By Mzati Nkolokosa
Now imagine this: you are appointed a minister, finance perhaps. Sworn in. First day in office.
The Secretary to Treasury (ST) welcomes you with three documents: one, the previous week’s economic market performance of nine pages; two, an African Development Bank (ADB) 60-page feedback to Malawi Government’s request for project financing; and, three, an IMF country report of 33 pages.
“These are the urgent matters,” says the ST. “There are secondary matters, also. I will bring them to your attention at your request.”
Where do you start from? Of course, you browse the documents: executive summary, findings, recommendations — and proposed actions from ST. But as minister, you have to act to achieve the goals of your president. So, action points have to be reviewed, somewhat.

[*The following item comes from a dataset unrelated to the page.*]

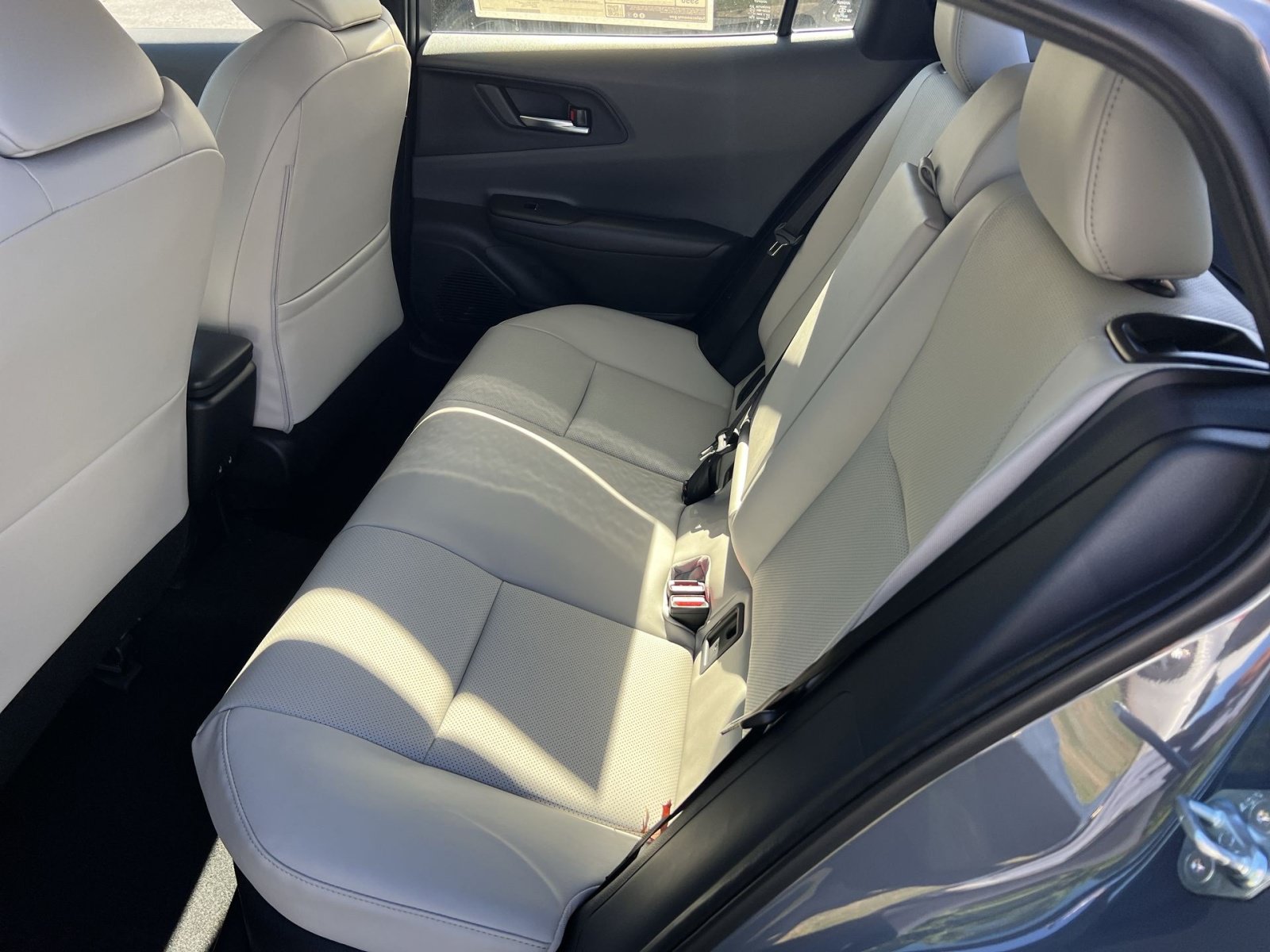New 2027 Toyota Prius Limited w/ Limited Premium Package AWD/4WD image 19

What next? This is where social capital is required. And for Goodall Gondwe, he had a lot of social capital both at home and abroad, having spent decades working across the world.
He had a top score on global social network analysis, close to the centre. Goodall could call anyone in Malawi. He could freely call anyone or someone close to someone he needed outside Malawi.
Ken Lipenga, the gifted journalist and writer (and still academic), witnessed Goodall’s closeness to the centre of the global social network during a visit to IMF.
“The respect for my senior colleague among IMF officials, young and old and of all races, many of whom had pretty much been trained on the job by him, verged on near-worship,” recalls Lipenga on his Facebook.
Near-worship? Malawi was lucky to have Goodall. A minister who enjoyed such respect at IMF could, therefore, pick up his phone and call an IMF official, a World Bank official, or a finance minister in any part of the world.
“Hello,” he could say, “my name is Goodall Gondwe, Minister of Finance in Malawi.” His name would be better known than Malawi. We must be fair: Malawi benefited a lot from Goodall’s social capital across the world.
We can count few Malawian politicians with such a rich social capital, politicians who are close to the centre of global social network: Goodall, Peter Mutharika, George Chaponda, Dalitso Kabambe, the kind of politicians who can pick up a phone and call anyone or someone close to the world’s most important people. In that sense, such politicians are bigger than Malawi.
Goodall was bigger than Malawi. The rejection of this reality is one of our main challenges as a country. We want to treat all people equally. But that is unrealistic. We are on different spots on the global social network.
A global network analysis would reveal that most of us are on the peripherals. Goodall was close to the centre, directly and/or indirectly.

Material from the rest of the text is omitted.